● **Dataset content**
_ _ _ _ _
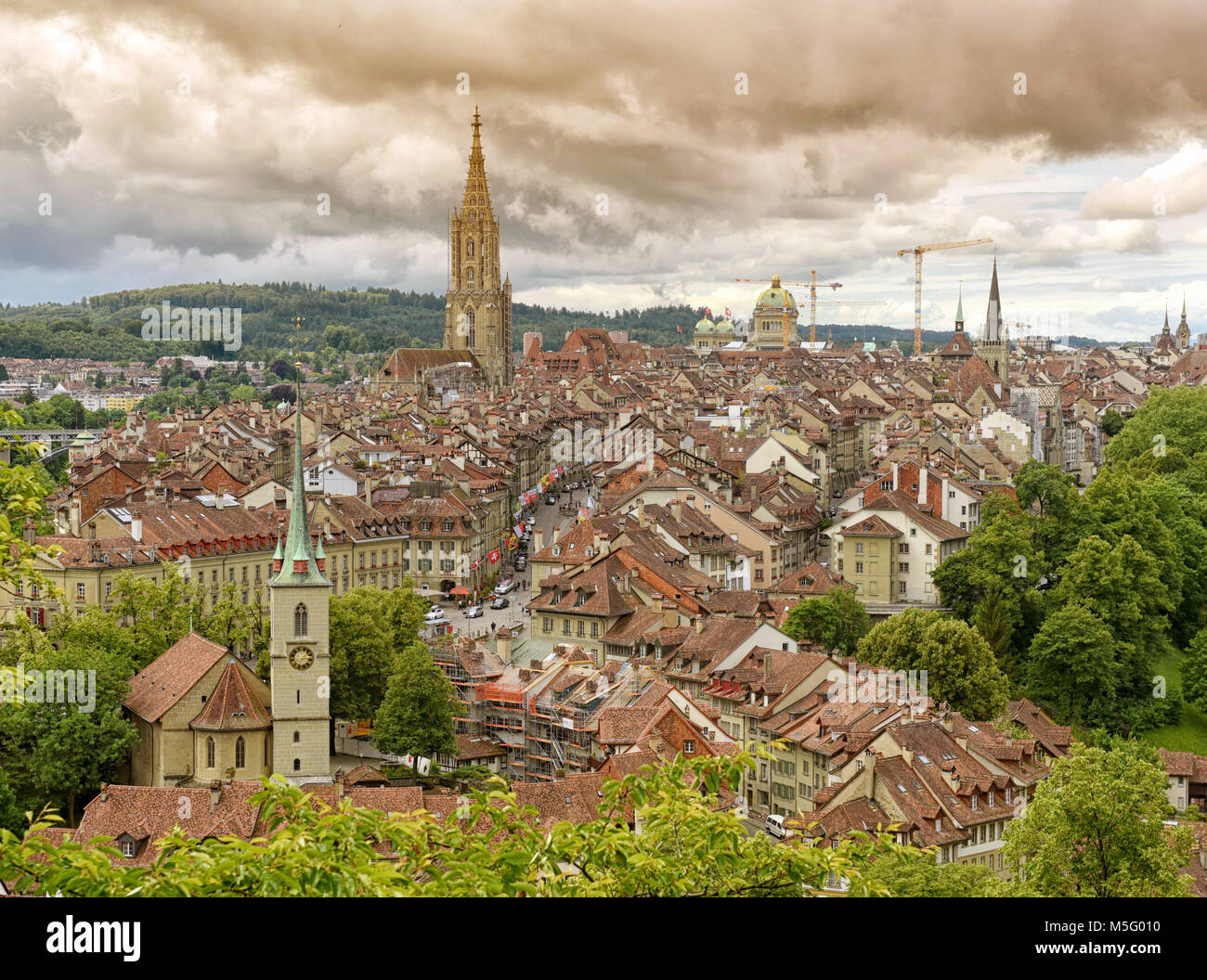 Capital Of Switzerland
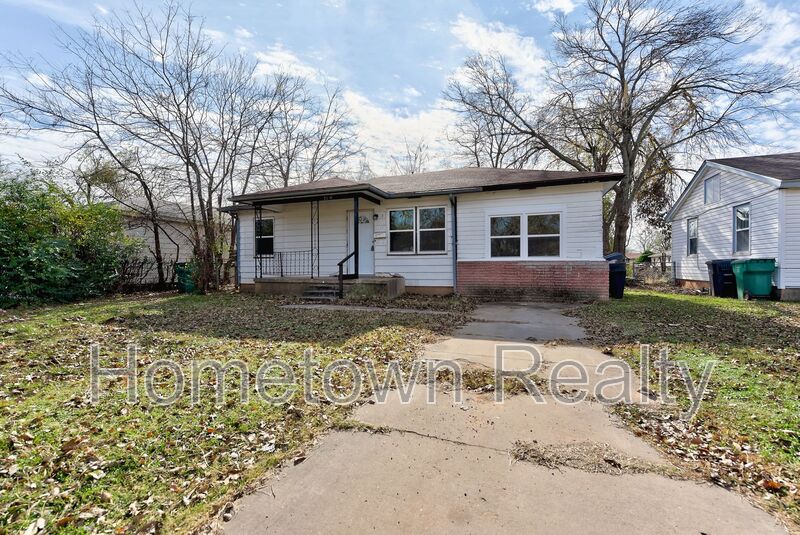 Oklahoma City House: 3116 NE 13th Street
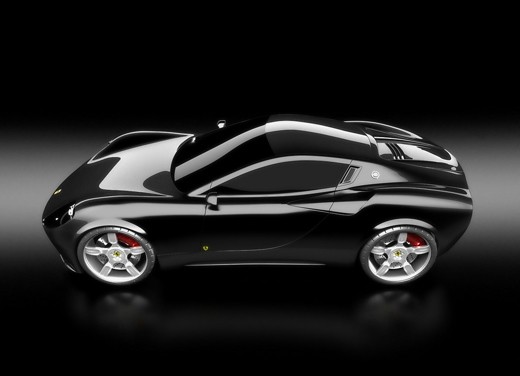 Ultimissima: Ferrari Dino by Ugur Sahir - Fotogallery - 10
_ _ _ _ _
● **What the exercise asks**
Please give the data again in full, exactly as written, but without any images.

● **Result of this task**
 Capital Of Switzerland
 Oklahoma City House: 3116 NE 13th Street
 Ultimissima: Ferrari Dino by Ugur Sahir - Fotogallery - 10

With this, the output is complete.